UK

Road casualties: FAQs

  • 5 December 2011
  • From the section UK

The BBC News website's road casualties map, which shows all recorded deaths on Britain's roads between 1999 and 2010, has been enormously popular.

As a result, we have received hundreds of emails asking a range of questions. Here are the answers to some of the most frequent about the map and related features.

Where does the data come from?

Every time a road traffic collision is reported to the police in which someone is either injured or dies, the police record details of the incident on a special form, known as STATS19. The police record many details including when and exactly where the crash took place, in what weather, on what class of road and whether it was close to a junction, a school and son on. All of this data is collated every year. The Department for Transport releases quarterly headline figures based on this data and once a year, a full annual report. The latest report for 2010 is here.

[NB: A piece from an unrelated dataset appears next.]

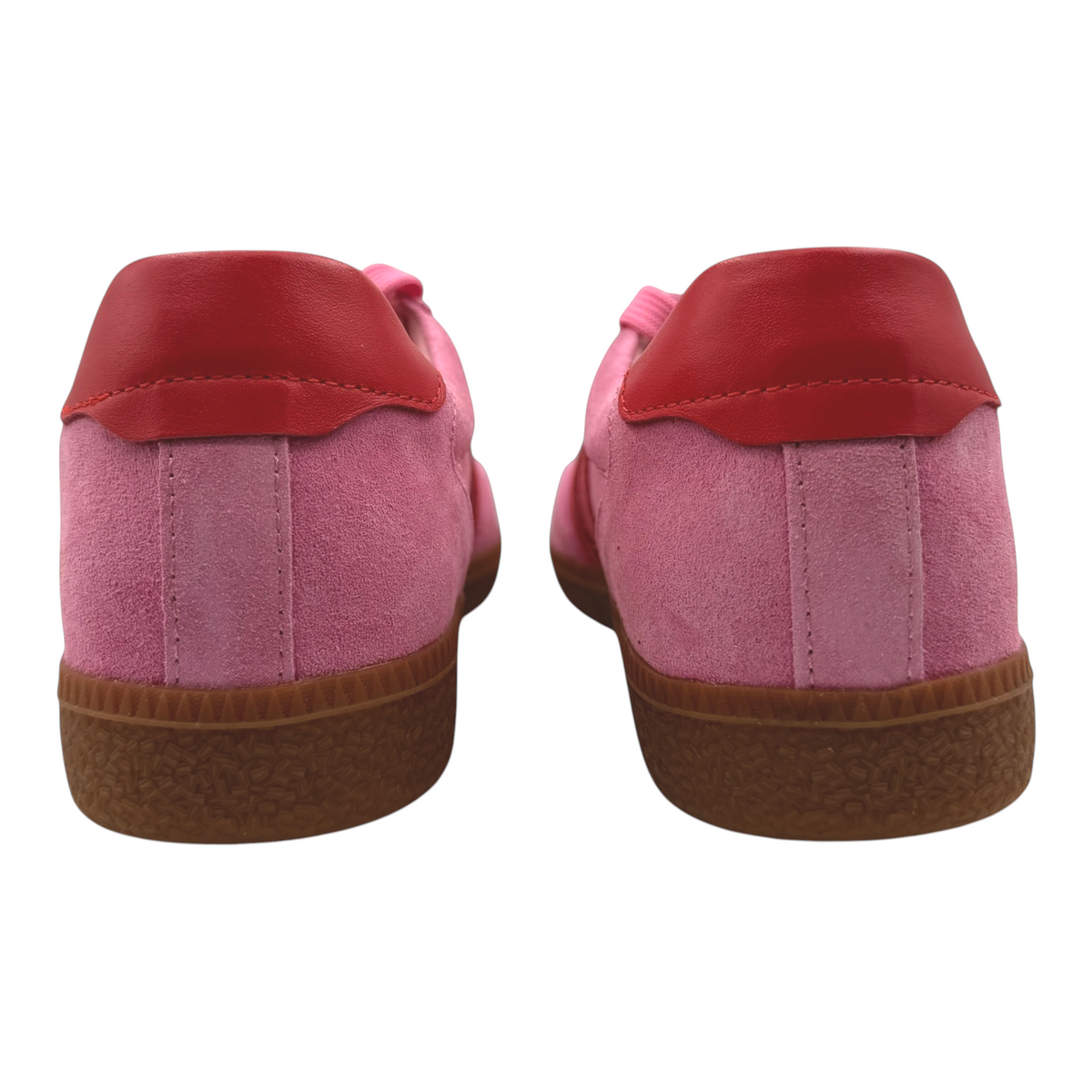 The Shoe Shop Hamptons pink suede sneakers with red leather heel tabs and textured brown gum soles, rear view.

Why do you say the data covers Great Britain when it includes Northern Ireland?

The complete data over the time period - 1999-2010 - is for Great Britain. However, we have also included some partial data for Northern Ireland, for 2004-2009. The Northern Ireland data comes from a different source and was in a different format and so isn't directly comparable. Some of it was also incomplete.

For this reason it is not possible for us to say the data is representative of the UK as a whole. Our headline reflects this and we have added a note beneath the map to explain.

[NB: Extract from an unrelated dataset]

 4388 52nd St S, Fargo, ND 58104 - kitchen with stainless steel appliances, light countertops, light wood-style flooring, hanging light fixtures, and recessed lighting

A crash close to where I live is missing or the details are inaccurate. Why?

The data comes from police records dated between 1999 and 2010. The information is recorded by police at the scene of a crash. The data is then transferred onto a computer database. As with any large collection of data, there will be some errors and duplicates in the information and these will appear on our map. In addition, the circumstances may have changed since the information was recorded or more accurate information may have come to light.

With regard to the missing incidents, there are 86 fatal collisions in the police data made available to us that have incomplete information. For this reason, we have been unable to include them in the map.

The BBC apologises for any distress or offence that any inaccurate information may cause.

A crash I am familiar with is not located in the right place on the map. Why?

The data is postcode based, so the points on the map may not be positioned in the exact location of the fatal collision.

The map doesn't seem to show individual crashes for my postcode area. Is there a problem?

If there are too many fatal crashes in your local authority area, the black overview square showing figures for the number of collisions will appear instead of individual crash dots. Zoom in further and you will see the individual incidents and their locations. This will happen with a number of areas on the map where there are a large number of crashes.

Some of the incidents I have looked at say it was snowing at the time, but it was summer. Is there a problem with the data?

There was a glitch in the way the map was being fed with data early on 5 December. This has now been resolved.

Where did you get the 730,000 figure for all road casualties?

This is the government's own official estimate of the total number of people killed or injured in road traffic collisions.

How did you calculate the £15 - £32bn economic cost?

Another figure from government officials. Here's a detailed article on how this number is calculated.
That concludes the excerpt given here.